What is needed:
A line containing "Used 2009 AT" appears in the material below. Return exactly every line from the first through that one, and only those.

-- Supplied data follows --

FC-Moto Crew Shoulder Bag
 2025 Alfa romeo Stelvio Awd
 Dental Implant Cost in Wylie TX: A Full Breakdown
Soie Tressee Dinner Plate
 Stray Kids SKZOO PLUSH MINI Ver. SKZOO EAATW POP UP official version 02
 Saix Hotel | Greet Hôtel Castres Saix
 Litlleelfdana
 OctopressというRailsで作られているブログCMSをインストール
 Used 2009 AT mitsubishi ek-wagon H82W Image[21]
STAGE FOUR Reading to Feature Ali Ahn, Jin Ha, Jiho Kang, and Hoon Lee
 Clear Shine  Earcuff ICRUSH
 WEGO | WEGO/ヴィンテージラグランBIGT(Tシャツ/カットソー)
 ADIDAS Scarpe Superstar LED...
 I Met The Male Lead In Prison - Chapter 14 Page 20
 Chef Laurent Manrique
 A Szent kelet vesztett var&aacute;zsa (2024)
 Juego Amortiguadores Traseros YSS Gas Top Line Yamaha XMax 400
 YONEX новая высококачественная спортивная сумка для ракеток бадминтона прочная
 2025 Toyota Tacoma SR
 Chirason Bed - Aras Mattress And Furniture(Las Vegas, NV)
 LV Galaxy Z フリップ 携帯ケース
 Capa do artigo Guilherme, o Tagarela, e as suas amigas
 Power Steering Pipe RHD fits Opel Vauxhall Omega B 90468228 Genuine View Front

-- Supplied data concluded --

Result for this task:
FC-Moto Crew Shoulder Bag
 2025 Alfa romeo Stelvio Awd
 Dental Implant Cost in Wylie TX: A Full Breakdown
Soie Tressee Dinner Plate
 Stray Kids SKZOO PLUSH MINI Ver. SKZOO EAATW POP UP official version 02
 Saix Hotel | Greet Hôtel Castres Saix
 Litlleelfdana
 OctopressというRailsで作られているブログCMSをインストール
 Used 2009 AT mitsubishi ek-wagon H82W Image[21]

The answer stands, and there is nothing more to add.